Pictures with short captions
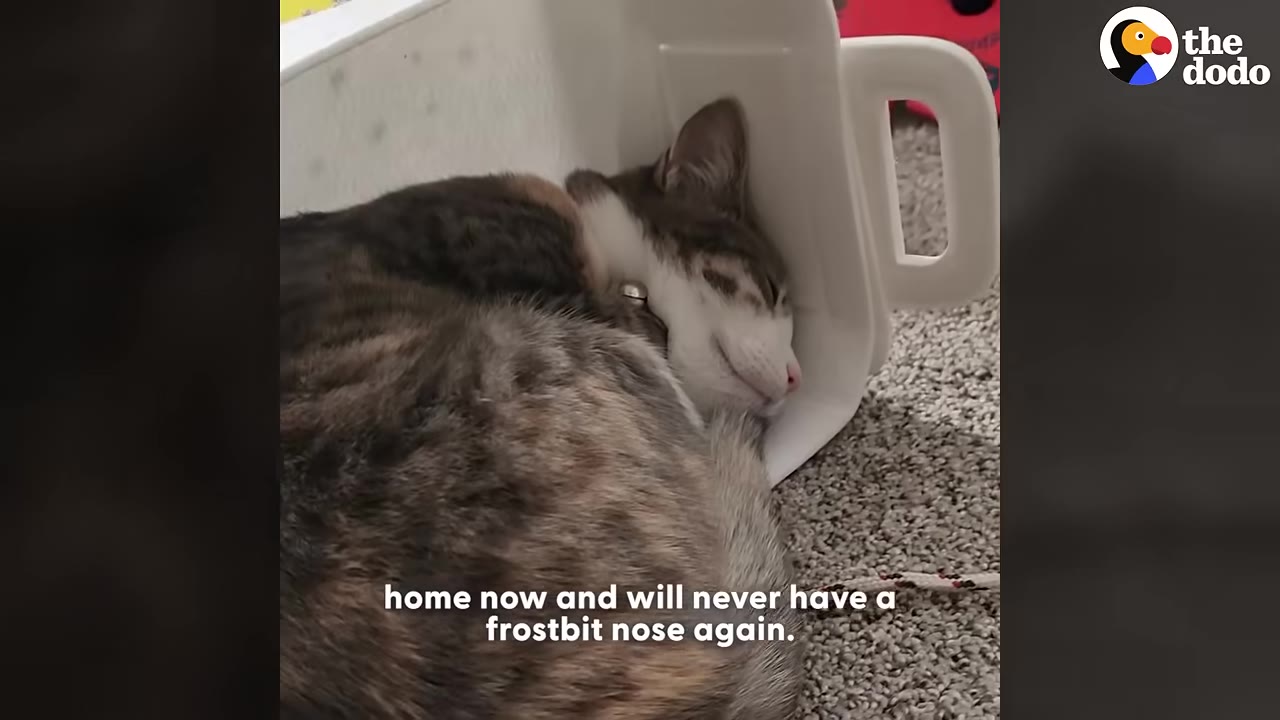 A tabby and white cat sleeping peacefully curled up next to a white plastic container on a carpeted floor.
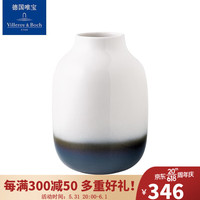 德国唯宝（Villeroy&Boch）乐夫系列 进口花瓶 客厅摆件插花艺术摆设 欧式优雅花瓶 点纹蓝白（大）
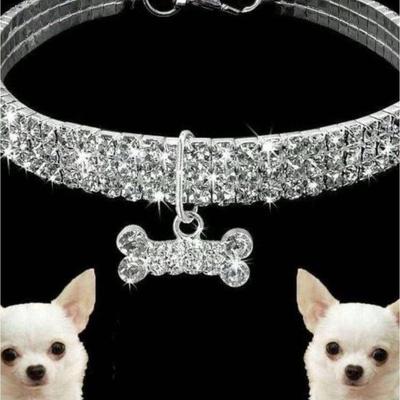 Hunde – Hundehalsbänder & Leinen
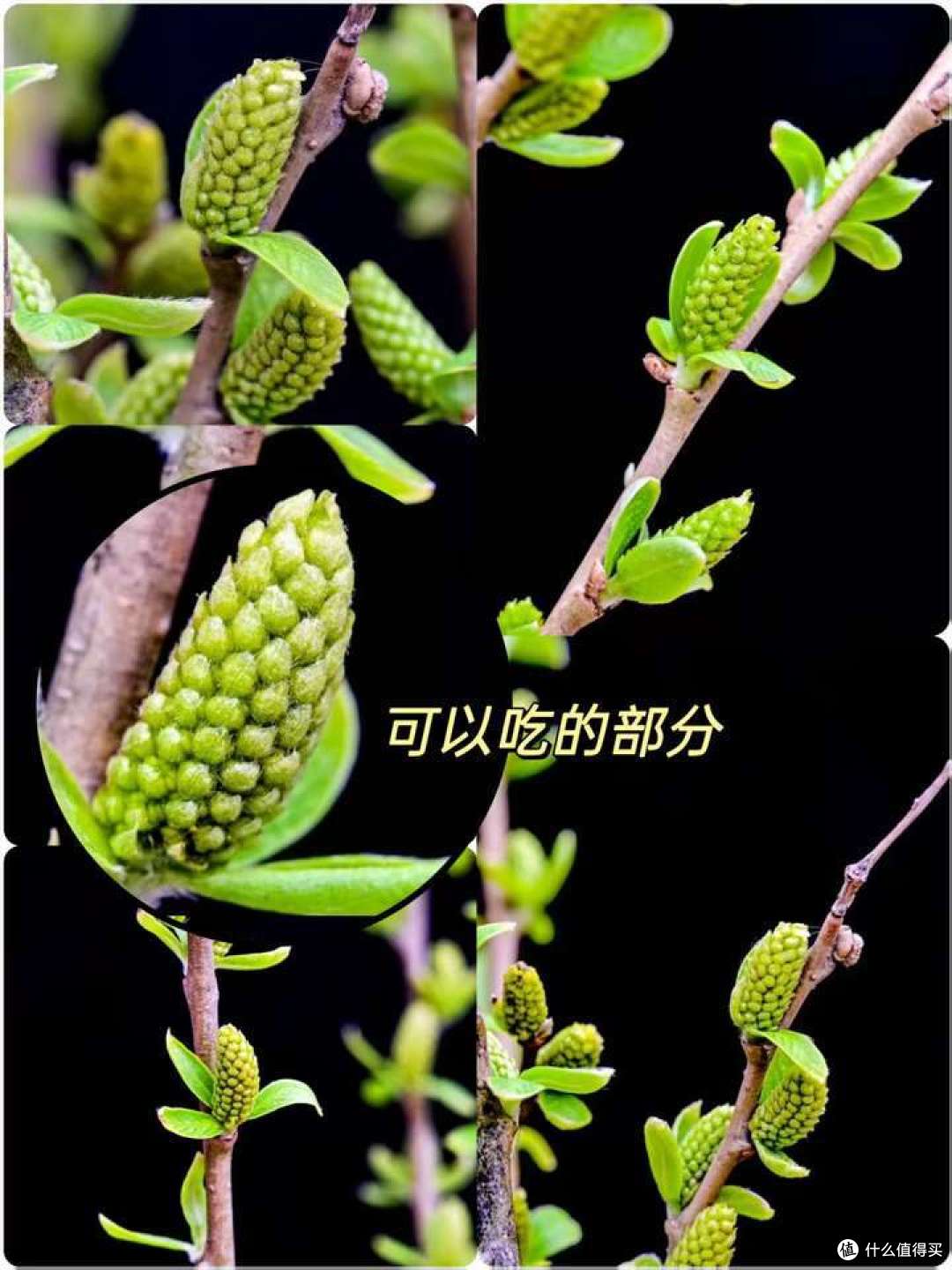 有没有一种野菜吃到后,让你仿佛发现了「新大陆」?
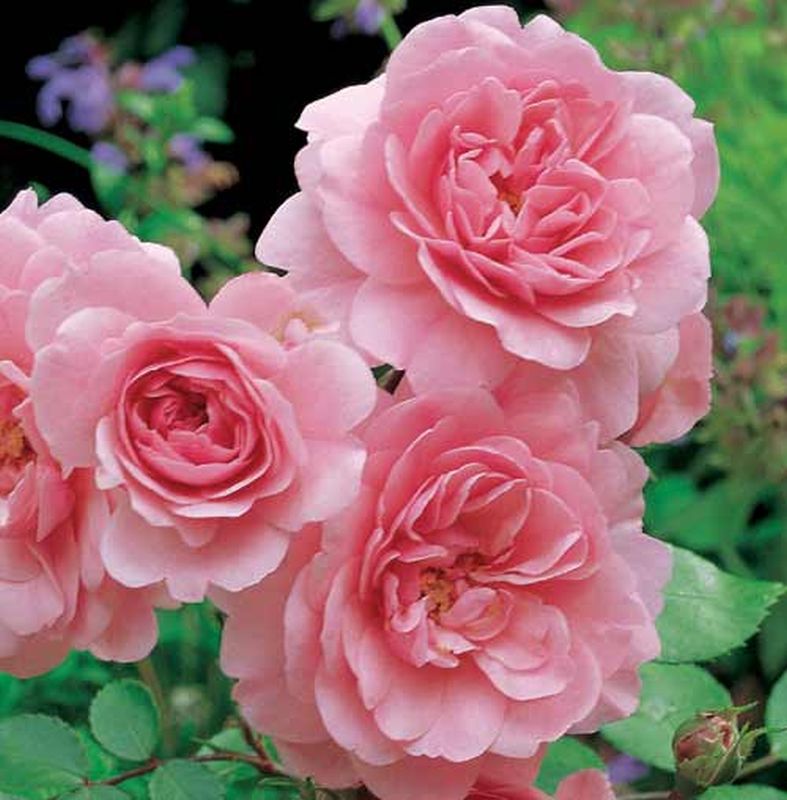 Beetrose 'Bonica 82' ® - Rosa 'Bonica 82' ® BT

> Instructions for the task
Repeat word for word the lines starting at the one with "德国唯宝（Villeroy&Boch）乐夫系列 进口花瓶 客厅摆件插花艺术摆设" and ending at the final line of the records above, both included; no pictures.

> Result
 德国唯宝（Villeroy&Boch）乐夫系列 进口花瓶 客厅摆件插花艺术摆设 欧式优雅花瓶 点纹蓝白（大）
 Hunde – Hundehalsbänder & Leinen
 有没有一种野菜吃到后,让你仿佛发现了「新大陆」?
 Beetrose 'Bonica 82' ® - Rosa 'Bonica 82' ® BT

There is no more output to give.